@smokey That clash, yes, but there's also something else. It's the same kind of mixed feelings I have about what to do when an institution invites someone to give a commencement speech and significant portions of the student body and/or faculty object on moral, political, what-have-you grounds, and do their best to get the institution to disinvite that person. There is a qualitative difference between a commencement speech and a talk given at the invitation of, say, a student club or faculty group or individual department. The latter is part of the academic discourse at the institution. There is, in other words, both the assumption of, and (often) the opportunity for, give and take, critique, disagreement, further discussion, and so on. The former is, in some ways, a statement by the institution about the meaning and significance of the degrees with which people will be graduating, and so it is, in some ways, an at least tacit endorsement by the institution of whatever the invited person has stood for. (And this leaves aside the whole question of how and by whom the commencement speech is financed.)
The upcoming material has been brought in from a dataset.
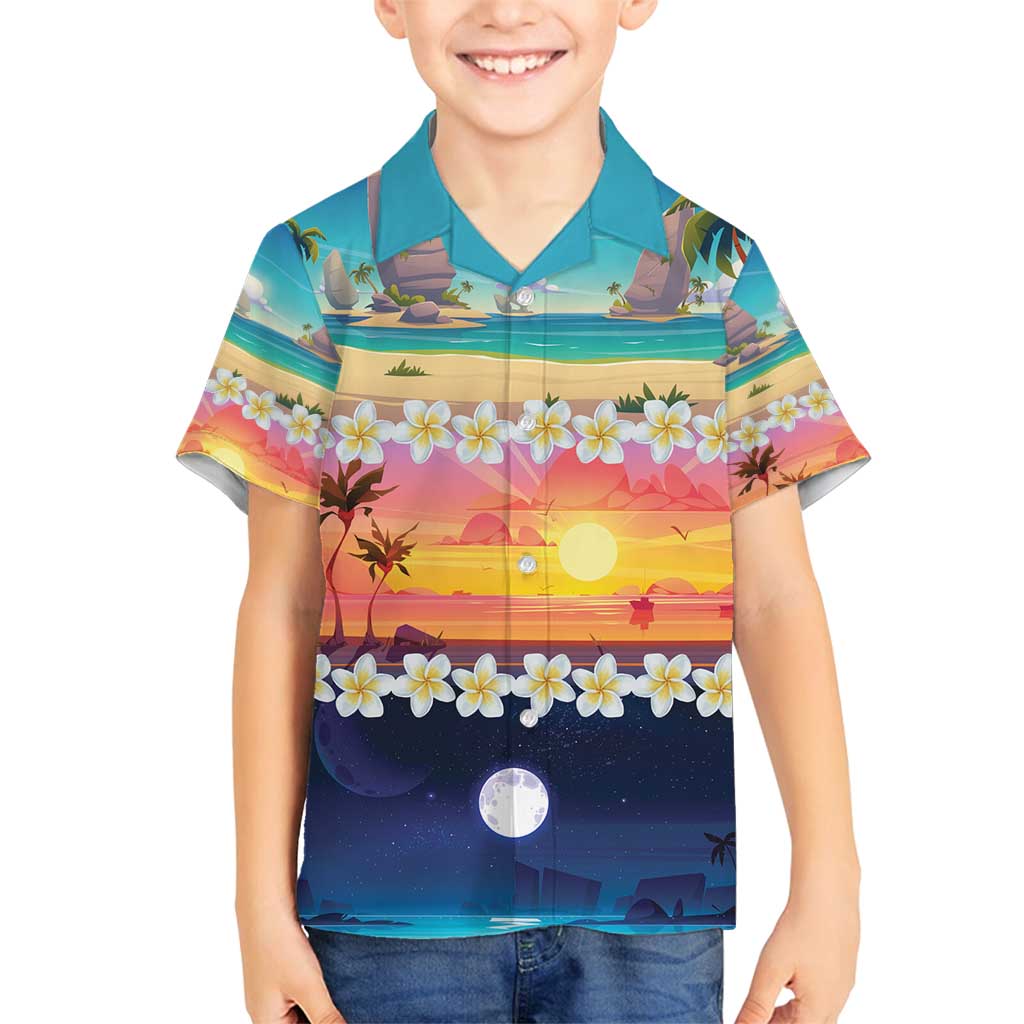 Hawaii Beach Landscape Time-Lapse Family Matching Long Sleeve Bodycon Dress and Hawaiian Shirt Tropical Plumeria Flowers - Polynesian Pride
Because of this difference, disinviting the person from giving the commencement speech does not feel to me like a violation of academic freedom--and I emphasize the word feel because I am not entirely sure that I think this feeling is accurate.

I have a similar sense of unease not so much about whether or not Kanazawa should be banned from conducting research at Northwestern--I think he should not be, as long as his appointment as a visiting scholar followed the proper protocols--but, in general, about whether or not the committees that invite visiting scholars should consider things like Kanazawa's patently racist views in deciding whether or not invite him.

It's true, as the author of the blog post I linked to points out, that a visiting scholar has not real authority on the campus he or she is visiting, but I am uneasy about the extent to which the appointment--which is usually phrased as a Visiting Scholar at (fill in the institution's name)--implies an endorsement of the scholar's views. From this perspective, in other words, and to the extent that it is an appointment made by the institution, is being a visiting scholar more like the person who's invited to give the commencement address than like the person who's been invited to give a talk to a student or faculty group?

I am still figuring out what my answer to that question is.